Einem Report vom August 1946 ist zu entnehmen, dass sich etwa ein Drittel der Lagerbewohner der orthodoxen Glaubensrichtung zugehörig fühlte. Diese machten sich sogleich an den Bau einer Synagoge sowie eines Ritualbades. Pünktlich zu den hohen Feiertagen, die mit Rosch Haschana Ende September ihren Anfang nahmen, waren die Arbeiten abgeschlossen. Doch nicht alle Gläubigen fanden Platz in dem Gotteshaus. „Wir stellten weitere Räumlichkeiten, in denen gebetet werden konnte“, zur Verfügung, berichtete ein Joint-Mitarbeiter, „doch unglücklicherweise besitzen wir nur zwei Thora-Rollen. Sie reichen nicht aus!“ Es fehlte auch an weiteren wichtigen Ritualien, wie Gebetsmänteln, -Riemen und Sidurim (Gebetbüchern). Dennoch vermerkte der Report mit Genugtuung einen „Monat voller religiöser Aktivitäten“.

Fragebogen zu den religiösen Aktivitäten im Camp Windsheim
Fragebogen zu den religiösen Aktivitäten im Camp Windsheim. „Is do baj aich a Row (Rabbiner)?“, wird beispielsweise auf Jiddisch gefragt.

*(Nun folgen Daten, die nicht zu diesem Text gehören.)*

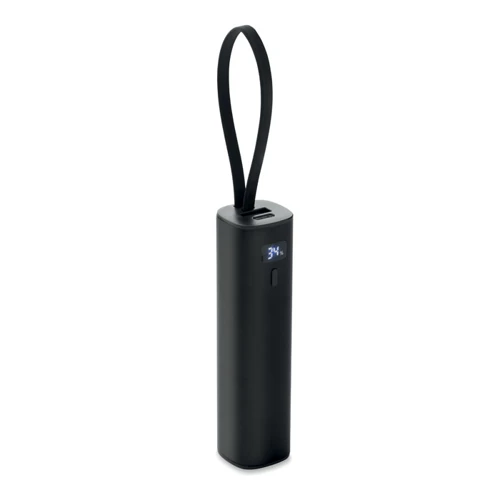 POWERTUBE Powerbank 5000 mAh PD 20W Fekete 
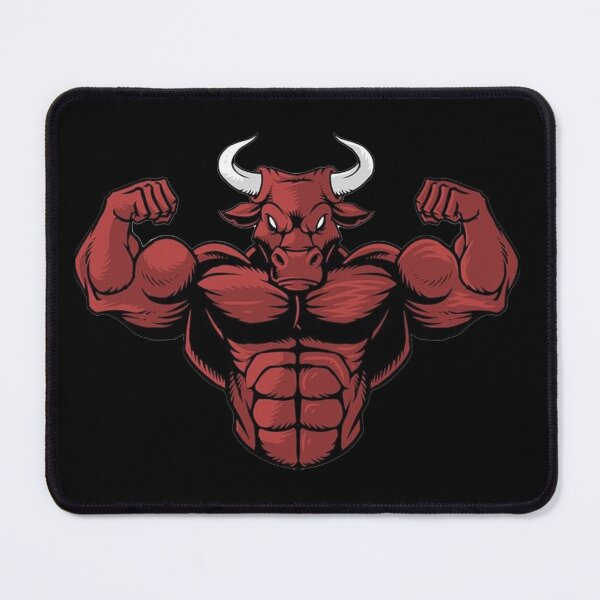 Item preview, ANGRY MUSCLE BULL (BLACK) designed and sold by RUBYAL.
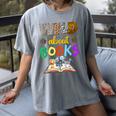Wild About Reading Books Reader Bookworm Animals Book Lover Women's Comfort Colors T-Shirt Gray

Weitere Auskünfte hinsichtlich der Anzahl der Synagogen, Gläubigen und Thora-Rollen wurden erbeten. Repro: nurinst-archiv

Im Oktober 1946 nahm auch die Jeschiwa „Merkas Thora“ ihren Lehrbetrieb auf. Die Mitglieder dieser religiösen Hochschule stammten aus Litauen und hatten sich schon vor dem Krieg dem Studium von Talmud und Thora verschrieben. Aus dem sowjetischen Exil waren sie über Polen in die amerikanische Zone gekommen. Bis zu ihrer Auswanderung in die USA widmeten sie sich in Windsheim intensiv den heiligen Texten des Judentums. Kurz darauf kam es zur Gründung einer weiteren Jeschiwa. Die Talmudhochschule „Scheerit Haplejta“ unterstand dem charismatischen Rabbiner Jehezkiel Jehuda Halberstam, der als einer der wenigen großen chassidischen Gelehrten die Shoa überlebt hatte. Da Halberstam vor dem Krieg im rumänischen Klausenburg tätig war, nannte man die Schar seiner Schüler und Anhänger auch die Klausenburger Bewegung.

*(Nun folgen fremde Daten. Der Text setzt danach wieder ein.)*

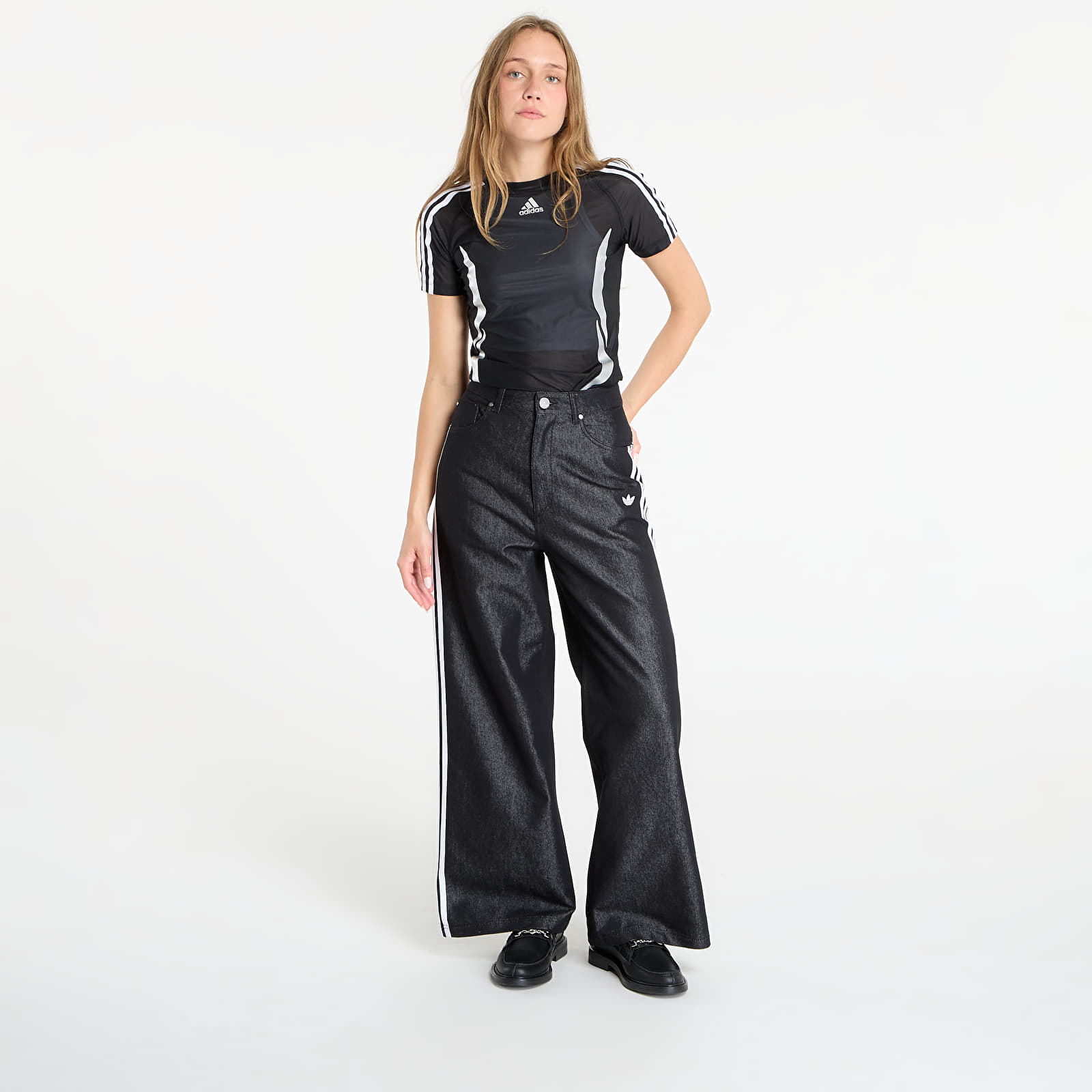 Панталони adidas Adilenium Season 4 Teamgeist Baggy Shine Denim Joggers Black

Zum Jahresbeginn 1947 konnten die Gläubigen im Windsheimer Lager neben den zwei Jeschiwot sechs Synagogen, ein Cheder, eine religiöse Grundschule für Jungen, eine Koschere Küche sowie eine Mikwe nutzen. Die kleine fränkische Stadt entwickelte sich zu einem der spirituellen jüdischen Zentren im Nachkriegsdeutschland. „Damit ist Windsheim möglicherweise der einzige Ort in Deutschland mit zwei Jeschiwot“, vermutete der Joint-Berichterstatter im Oktober 1945. „Eine der ungarischen und eine der litauischen Juden; außergewöhnliche Schulen für lernbegierige junge Männer.“

Talmud Thora Schule (Cheder) im DP-Camp Windsheim
Talmud Thora Schule (Cheder) im DP-Camp Windsheim, Repro: nurinst-archiv

Anfang 1948 emigrierten die Mitglieder der Jeschiwa „Merkas Thora“ über Frankreich in die Vereinigten Staaten. Die Talmudhochschule „Scheerit Haplejta“ bestand weiterhin, zählte Ende 1948 jedoch nur noch 22 Schüler. Ihr Ende war absehbar. Im Juli 1949 wurde das Windsheimer Lager aufgelöst. Nach Gründung des Staates Israel hatte die große Ausreisewelle eingesetzt. Viele Juden fanden eine neue Heimat im eigenen Land, andere emigrierten in die USA, nach Kanada oder Australien.

Der Autor arbeitet an einer Publikation über die Rolle der Orthodoxie in den jüdischen DP-Camps, wobei die religiösen Einrichtungen in Windsheim im Mittelpunkt stehen sollen.